Australia’s SCRAMSPACE bid to study hypersonic flight with an eye to informing development of Mach 5-plus scramjet-powered vehicles to orbit satellites has generated a big splash but little data – after a launcher failure left the 1.8m spacecraft too low achieve the gravity-powered M8 flight that was to have provided data on hypersonic physics, multi-Mach fuel injection and materials performance.

As planned, the three-year, A$14 million project – whose funding included A$5m from the Australian government – will end this year. What bearing its failure to end with a data trove will have on Australian ambitions for scramjet flight remains to be seen, but the government’s space research programme office is billing it as “highly successful” in achieving its aim of building “human capacity and capability for Australia’s aerospace (especially space) sector”.

Following its 19 September launch from Norway’s Andoya Rocket Range, 300km inside the Arctic circle, the missile-shaped and highly instrumented SCRAMSPACE should have reached an altitude of 320km powered by a two-stage rocket.

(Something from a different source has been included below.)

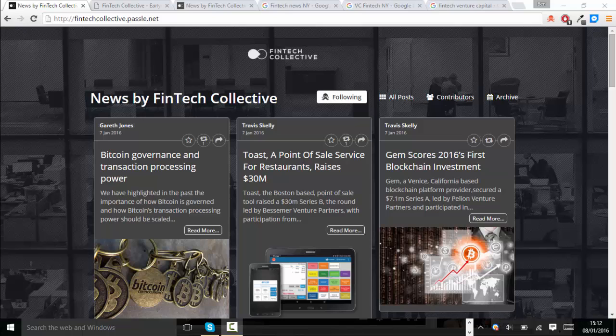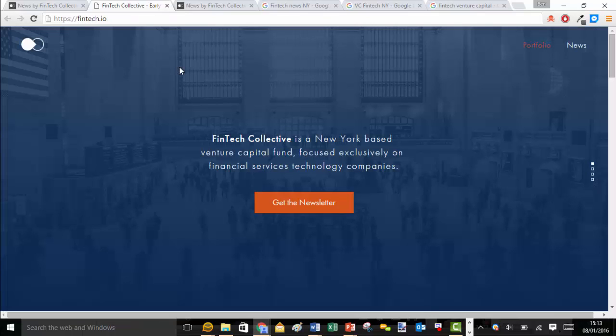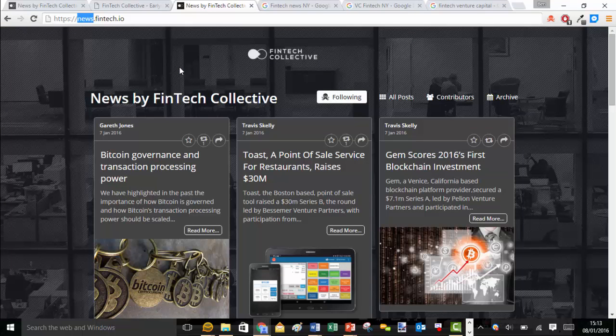In this example of the FinTech Collective, the VC firm based in New York City, their PASL page, like all new PASL pages, was originally sitting on the PASL.net domain. They then moved this onto a subdomain of their website, fintech.io, and their PASL page is now accessible at news.fintech.io.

The plan was for the vehicle, after separating from the launcher, to orient itself with small thrusters for a gravity-powered re-entry plunge that would take it to M8, or 8,600km/h.

On the way down, the vehicle was to test a hydrogen fuel injection system and transmit data for 3s before self-destructing over the sea. But the rocket never reached altitude, so while telemetry data was received “all the way into the water…we could not carry out the experiment as planned,” said professor Russell Boyce, SCRAMSPACE director and hypersonics chair at the University of Queensland.

The payload had included ultra-high temperature ceramic components from CIRA and a high temperature carbon-fibre thrust nozzle from Teakle Composites to test their performance and a laser flight instrument. Ahead of the launch, research had been conducted in the University of Queensland’s T4 shock tunnel and large shock tunnels at DLR in Germany and JAXA in Japan, while ground tests were performed in the university’s hypersonic wind tunnel and in a plasma hypersonic wind tunnel at CIRA in Naples.

An investigation has been launched into the failure.